Why do we use the activations we use, and how do they relate to the cost functions they tend to co-appear with? In this post we provide a conceptual introduction.

You’re building a Keras model. If you haven’t been doing deep learning for so long, getting the output activations and cost function right might involve some memorization (or lookup). You might be trying to recall the general guidelines like so:

*So with my cats and dogs, I’m doing 2-class classification, so I have to use sigmoid activation in the output layer, right, and then, it’s binary crossentropy for the cost function…* Or: *I’m doing classification on ImageNet, that’s multi-class, so that was softmax for activation, and then, cost should be categorical crossentropy…*

It’s fine to memorize stuff like this, but knowing a bit about the reasons behind often makes things easier. So we ask: Why is it that these output activations and cost functions go together? And, do they always have to?

Put simply, we choose activations that make the network predict what we want it to predict. The cost function is then determined by the model.

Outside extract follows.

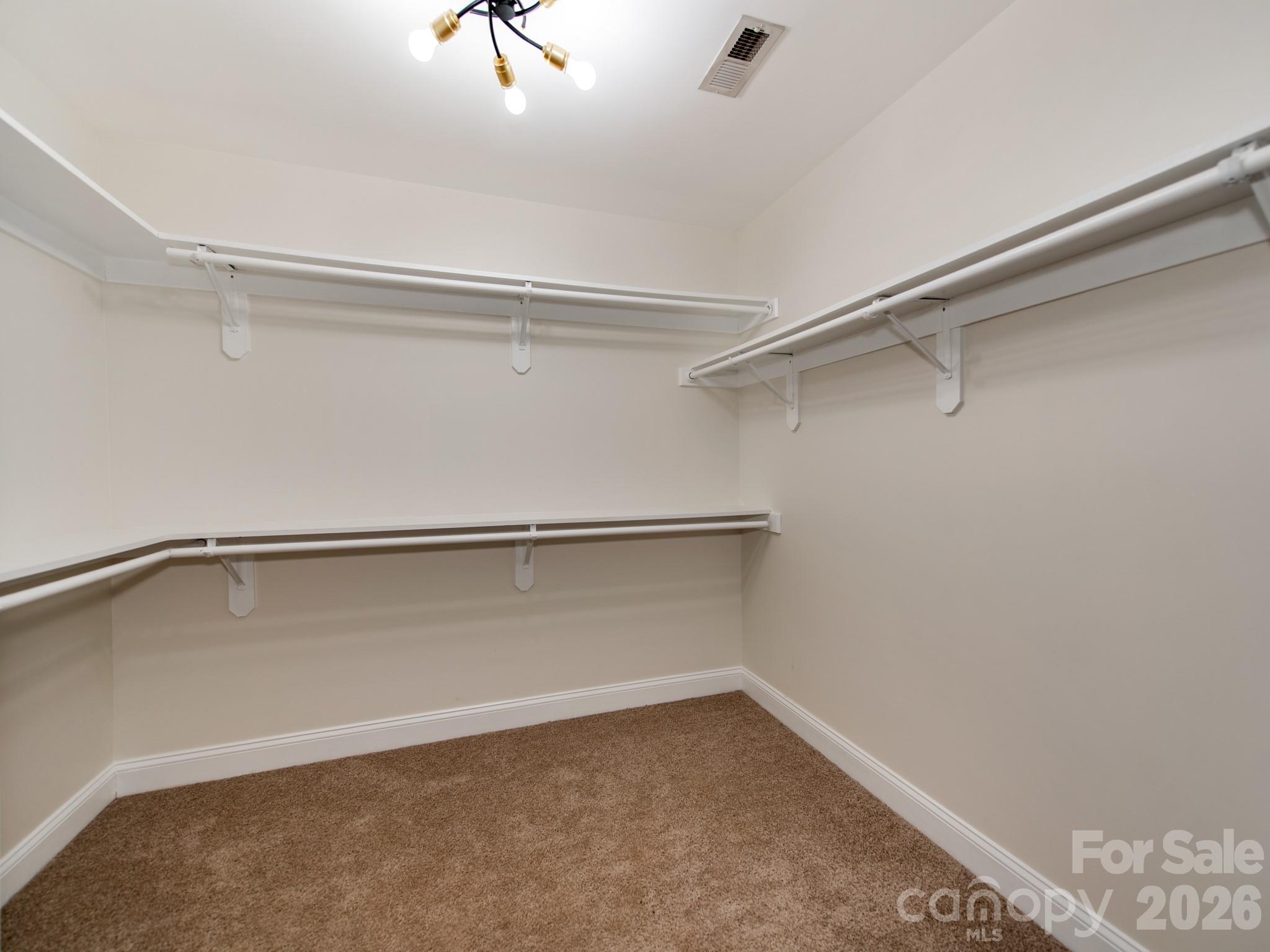 12323 Braeloch Court — Huntersville
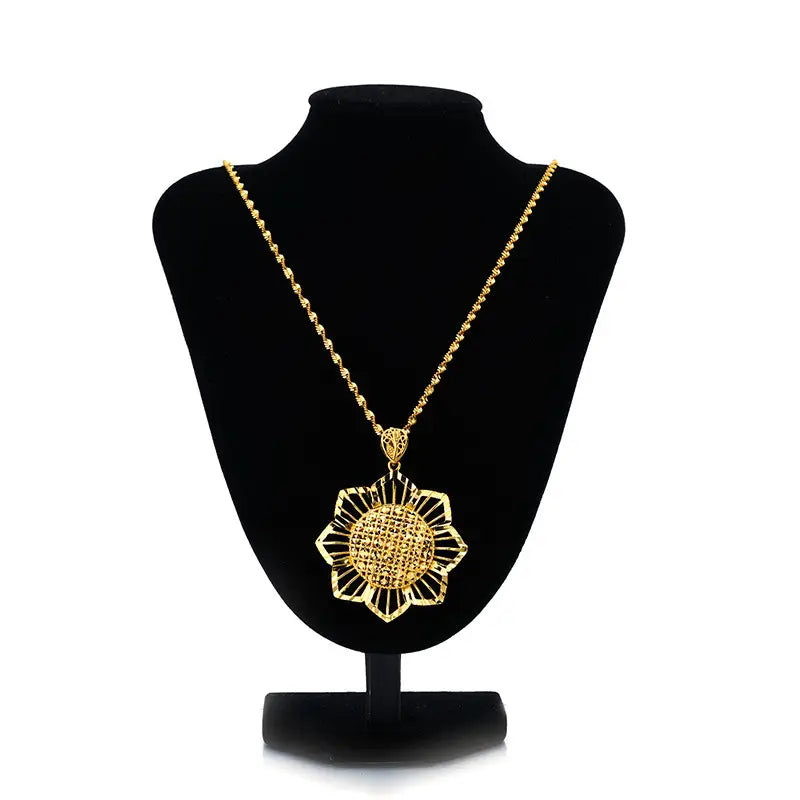 Women Gold Sunflower Pendant Retro Ethnic Jewelry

This is because neural networks are normally optimized using *maximum likelihood*, and depending on the distribution we assume for the output units, maximum likelihood yields different optimization objectives. All of these objectives then minimize the cross entropy (pragmatically: mismatch) between the true distribution and the predicted distribution.

Let’s start with the simplest, the linear case.

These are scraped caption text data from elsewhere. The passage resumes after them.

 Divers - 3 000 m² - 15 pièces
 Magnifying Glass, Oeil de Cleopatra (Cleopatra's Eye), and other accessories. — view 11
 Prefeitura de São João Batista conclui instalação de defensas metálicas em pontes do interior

For the botanists among us, here’s a super simple network meant to predict sepal width from sepal length:

```
model <- keras_model_sequential() %>%
layer_dense(units = 32) %>%
layer_dense(units = 1)
model %>% compile(
optimizer = "adam",
loss = "mean_squared_error"
)
model %>% fit(
x = iris$Sepal.Length %>% as.matrix(),
y = iris$Sepal.Width %>% as.matrix(),
epochs = 50
)
```

Our model’s assumption here is that sepal width is normally distributed, given sepal length. Most often, we’re trying to predict the mean of a conditional Gaussian distribution:

\[p(y|\mathbf{x} = N(y; \mathbf{w}^t\mathbf{h} + b)\]

In that case, the cost function that minimizes cross entropy (equivalently: optimizes maximum likelihood) is *mean squared error*. And that’s exactly what we’re using as a cost function above.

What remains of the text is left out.